Report Payroll Errors Promptly

In this case, the "employee" had actually turned down the job offer, and never worked for the large company at all. Somehow, the company's payroll system didn't get the notice, and sent him more than $470,000 in pay over three years. When someone caught the error, of course the company asked to be paid back and, of course, the man had spent most of it.

These results are to be expected, although people may wrongly assume that in a large company the dollar amounts are absorbed. In reality, however, someone who was knowingly "unjustly enriched" by such errors is expected to return what isnt rightly theirs. This could put you in a very difficult position such as jail - if its already been spent and cant be recovered.

Criminal Prosecution May Occur in the State Where the Money Originated.

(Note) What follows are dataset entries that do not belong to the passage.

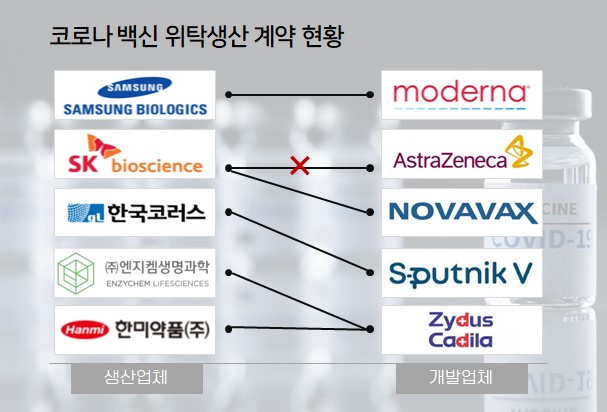 백신 이어 먹는 약까지…K-바이오, 글로벌 생산허브 우뚝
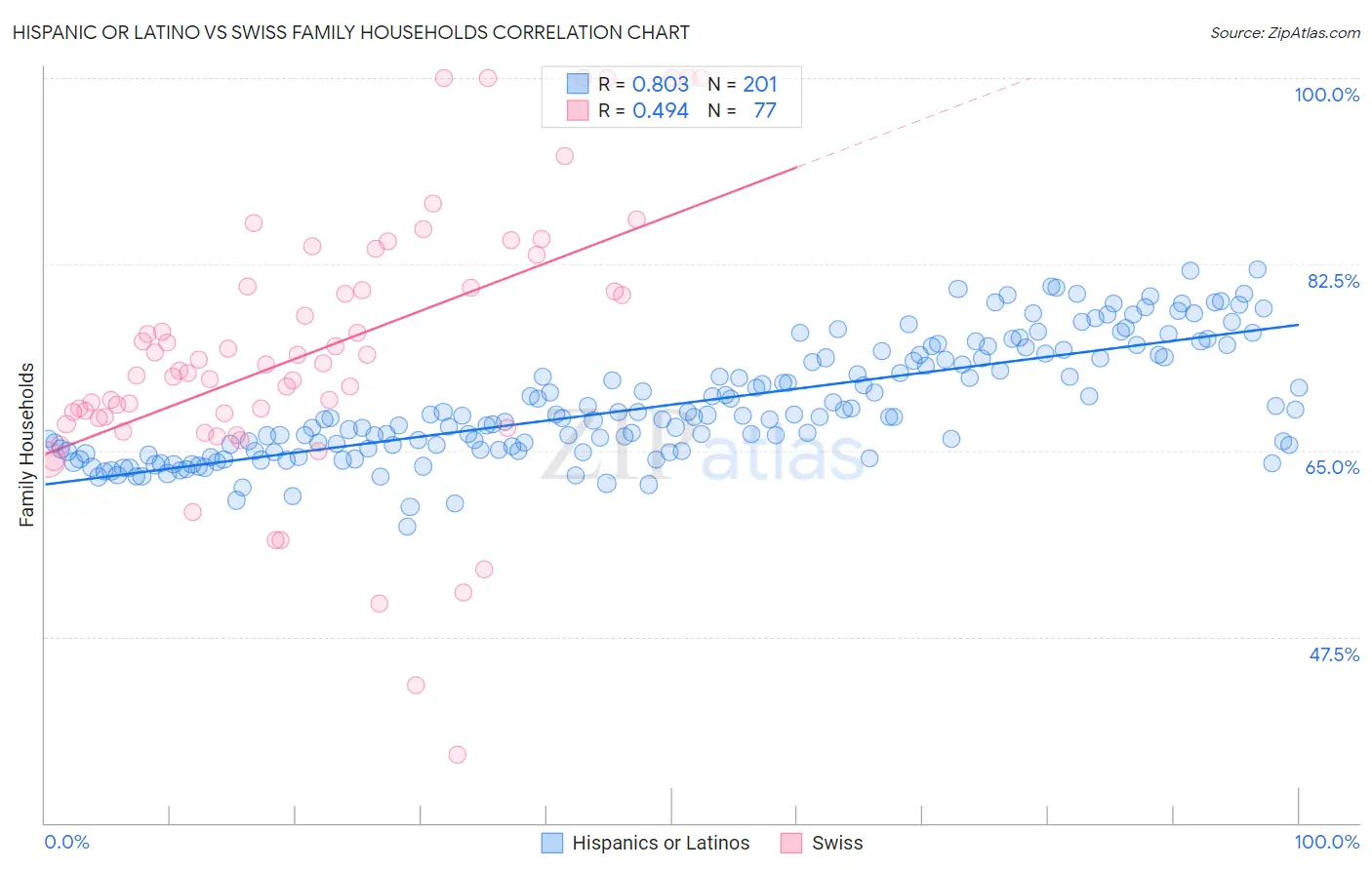 Hispanic or Latino vs Swiss Family Households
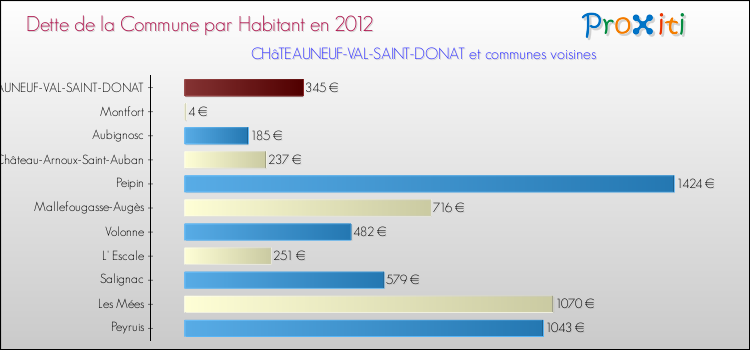 Dette par habitant de la commune en 2012 pour CHâTEAUNEUF-VAL-SAINT-DONAT et les communes proches Comparaison de la dette par habitant de la commune en 2012 pour CHâTEAUNEUF-VAL-SAINT-DONAT et les communes voisines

In this case, the "non-employee" lived in Illinois, but the company was in New Jersey. The man was charged and sentenced under New Jersey law. He was sentenced to a six-month prison term and ordered to pay back the entire $470,000.

Going to court in another state can be intimidating and frightening, and quite expensive. The judge or jury likely will not be sympathetic to an "outsider" who, it might be viewed, wrongfully deprived one of their own of time, money, or resources. In addition, you'll need to find and retain the services of a local lawyer to work in unfamiliar terrain.

Report Suspicious Circumstances Using Appropriate Channels.

If you learn of fraud in your own company or elsewhere, carefully consider the right way to report it. Whistleblower laws can protect employees, but only under certain circumstances.

Before reporting, however, check the accuracy of your facts. If you have only second-hand, non-verified rumors, you may be putting your job and reputation in peril by reporting something that turns out to be OK.

At worst, you could be putting yourself at risk for a suit for defamation, which is a "false statement of fact".

Seek the advice of an attorney who'll speak with you confidentiality about the positive and negative aspects of reporting troublesome activity. You may choose instead to contact the local Attorney General's office, Better Business Bureau, or prosecutor.

Question for Your Attorney

  • I've been accused of fraud in my company, but its not true. What can I do?
  • How can I find out my company's policy regarding whistleblowing; if I believe someone is committing fraud or using company money inaccurately?